With that said, these tools can still cause some serious damage if not used correctly.
Personal anecdote #2
When I was training in carpentry, I spent one day per week at college. Whilst at college we would be practicing and building things out of wood.
There was a workshop to the rear of the area we worked in, with various woodworking machines, and a worker called Dougie, If you needed wood cutting or planing to size, he was the guy you went to.
He was also very good at sharpening tools. As a result, people would bring in chisels and other blades for him to sharpen.
One thing he would always say is, “do you want them sharp, or do you want them finger losing sharp”.
This was no joke; he would get your chisels razor sharp. They were so sharp, you could run a chisel on the back of your arm without any pressure, and it would literally shave the hairs right off.
Ironically, you are actually more likely to injure yourself with blunt hand tools. A sharp tool gives you more control and mistakes are far less likely.
How to avoid losing fingers and other injuries
In the worst case scenario, carpenters, and joiners, can, and do lose fingers.
Most accidents happen due to complacency. The best way to avoid these types of injury, is to remain vigilant and fully concentrate when using these tools.
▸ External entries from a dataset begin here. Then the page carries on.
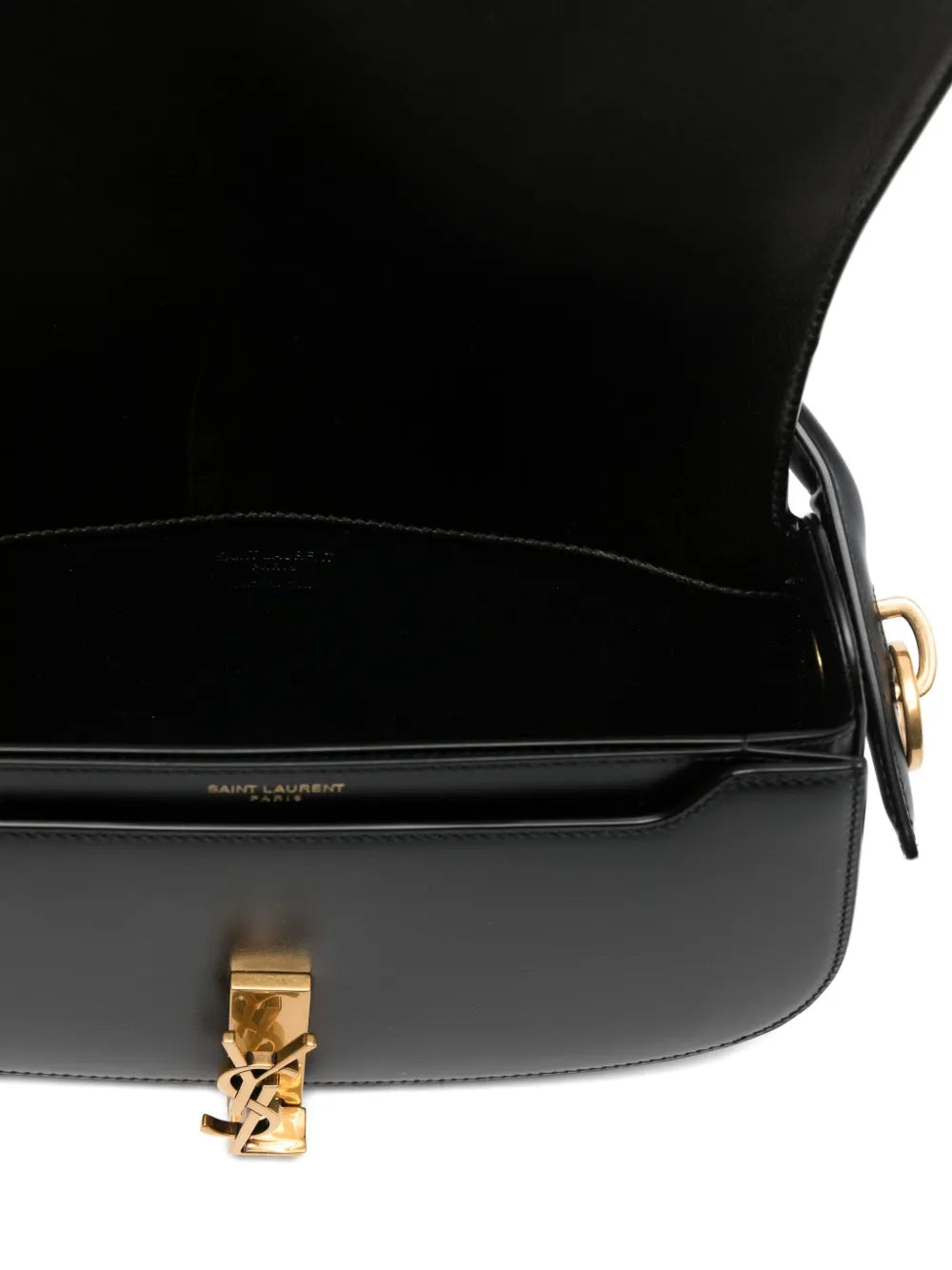 Saint Laurent Logo Plaque Curved Shoulder Bag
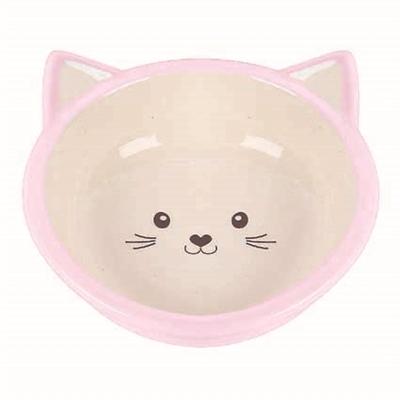 HAPPY PET VOERBAK KITTEN ROZE / CREME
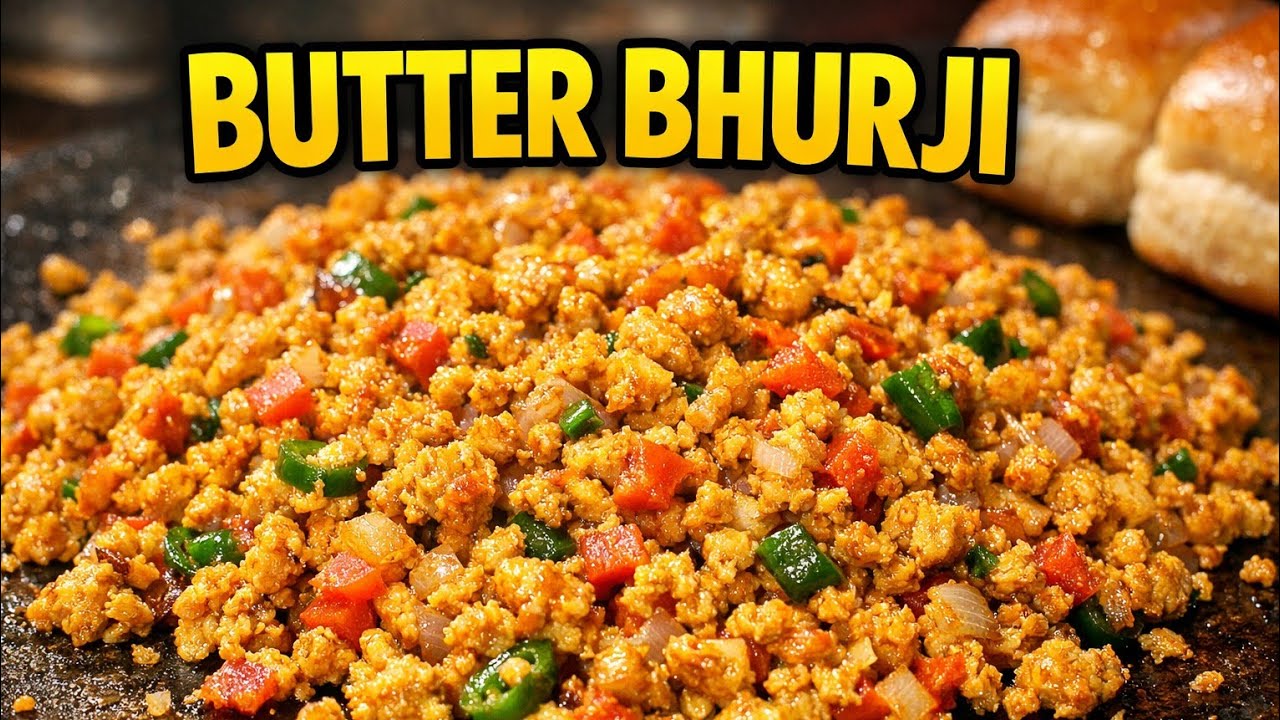 Mumbai Street Egg Bhurji 🍳 Butter Loaded Tawa Style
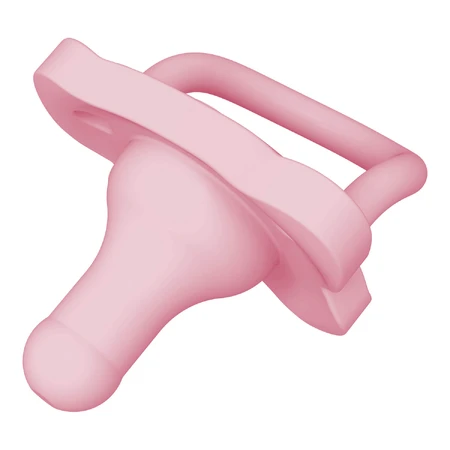 Dr. Brown's, Chupete de silicona Happy Paci, rosa, 0m+, 1 pieza
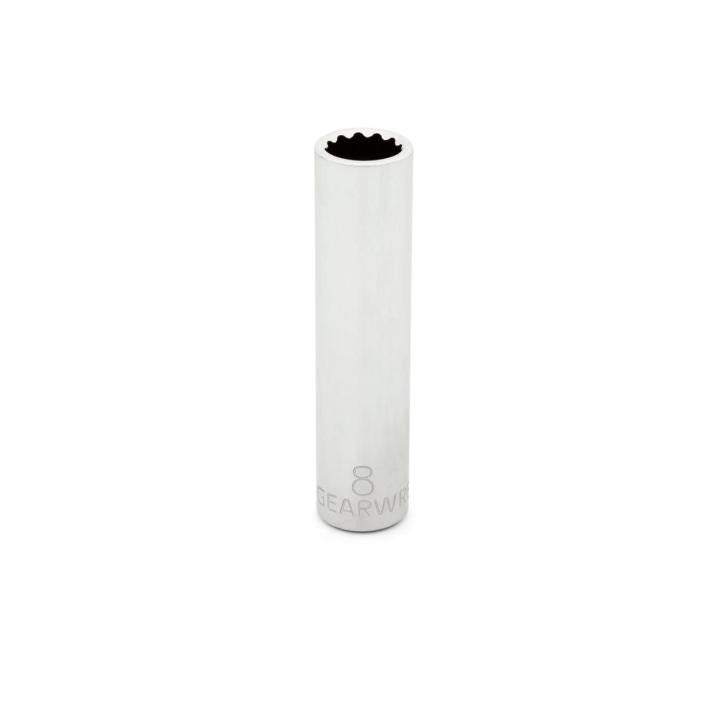 1/4" Drive 12 Point Deep Metric Socket 8mm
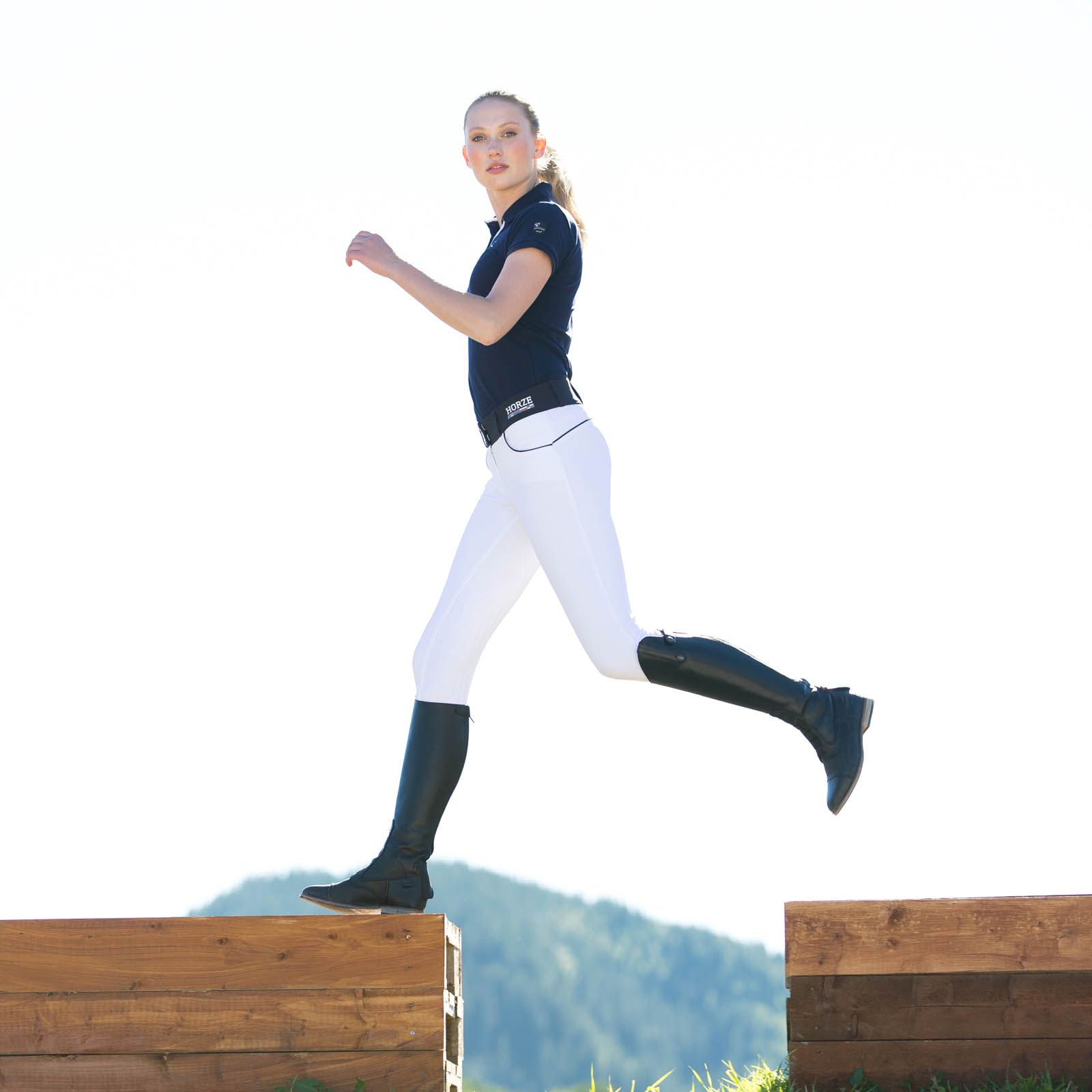 Horze Nordic Performance pantalon d&rsquo;&eacute;quitation femme avec fond int&eacute;gral en silicone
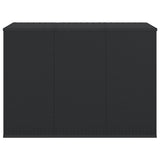 Garden Cushion Box PE Rattan 145x100x103 cm Black 317229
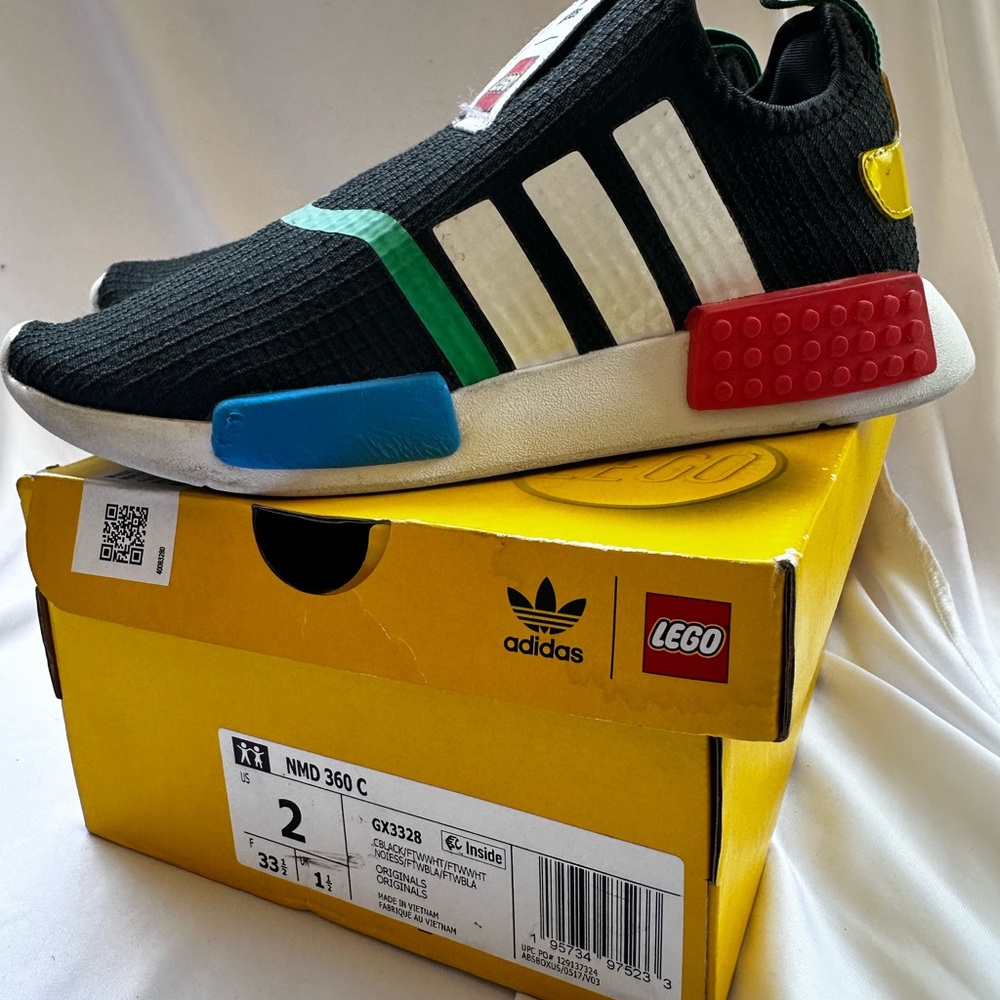 Adidas Kids NMD 360 LEGO Black Multi-Color Sneakers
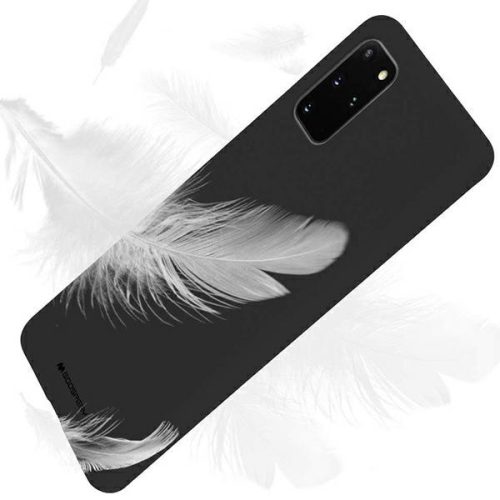 Mercury Soft Silicone Case hátlap, tok Samsung Galaxy S22 Ultra S908, fekete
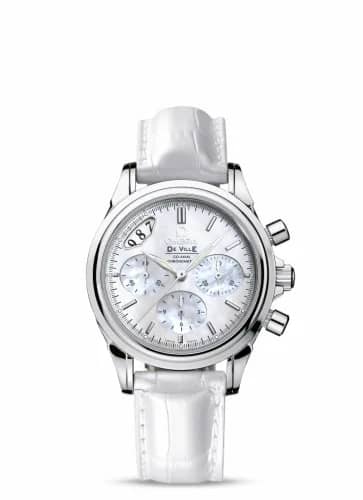 Omega De Ville Co-Axial 35 Chronograph Stainless Steel / White 4878.70.36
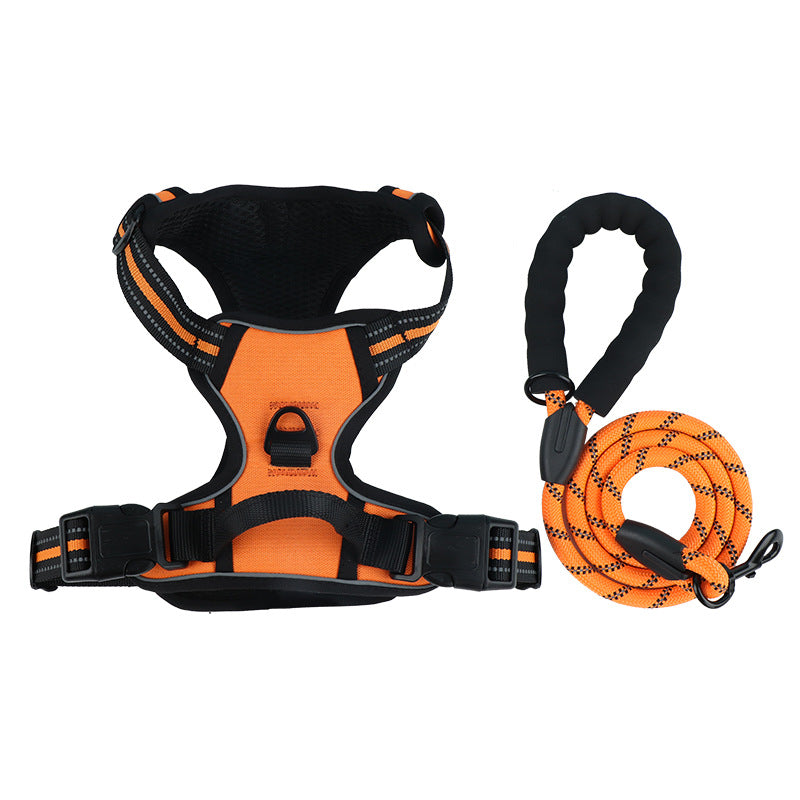 PawGo Reflective Dog Harness and Leash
Use guards where possible and keep hands as far away from the blades as possible. You should also wear the relevant PPE to mitigate the risk.
For smaller cuts and injuries, these are usually par for the course. It’s very likely you will sustain a minor cut here and there. However, you should always use best practice with the tools you are using.
A lot of this will come with experience and small scratches and cuts will be less common as you learn the trade.
Also, make sure your tools are sharp.
Whilst a sharper tool can potentially do more damage, you are far more likely to sustain and injury with blunt tools.